Thermal Infrared Field Spectrometer Measurements (Feb. 2002)
Background
Thermal infrared field spectrometer measurements differ fundamentally from laboratory, airborne, and satellite spectrometer measurements. We research textural, viewing geometry, proximity, and downwelling radiance effects as seen from the different viewing perspectives, with a focus on solid phase targets, and develop measurement protocols and instrumentation for hyperspectral field measurements. This improves the ability to identify materials, confidence in the result, and data fusion from the different perspectives.
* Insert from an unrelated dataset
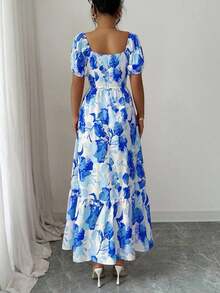 Vestido de mujer con diseño de mangas de pétalo, cuello cuadrado y cintura ceñida con estampado - Azul y blanco - Ver 2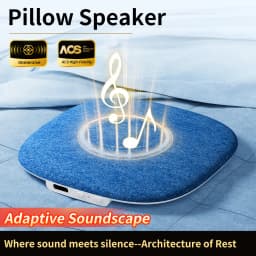 Riksoin Pillow Speaker for Sleeping, 100 White Noise + App, Ultra-Thin Flat Bluetooth, for Side Sleeper, Auto-Off Timer (Blue)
The results aid material identification using thermal infrared hyperspectral data from hand-carried instruments, manned and unmanned vehicles and rovers, and fusion with data from airborne (including UAV), and satellite thermal infrared hyperspectral measurements.
Here we describe some instrumentation and field measurements undertaken for this research. We will make the data freely available. If you are interested in receiving the data, please contact Laurel Kirkland, [email protected], 281-486-2112. We will also make our follow-on measurements freely available, and please forward any suggestions for targets or field sites.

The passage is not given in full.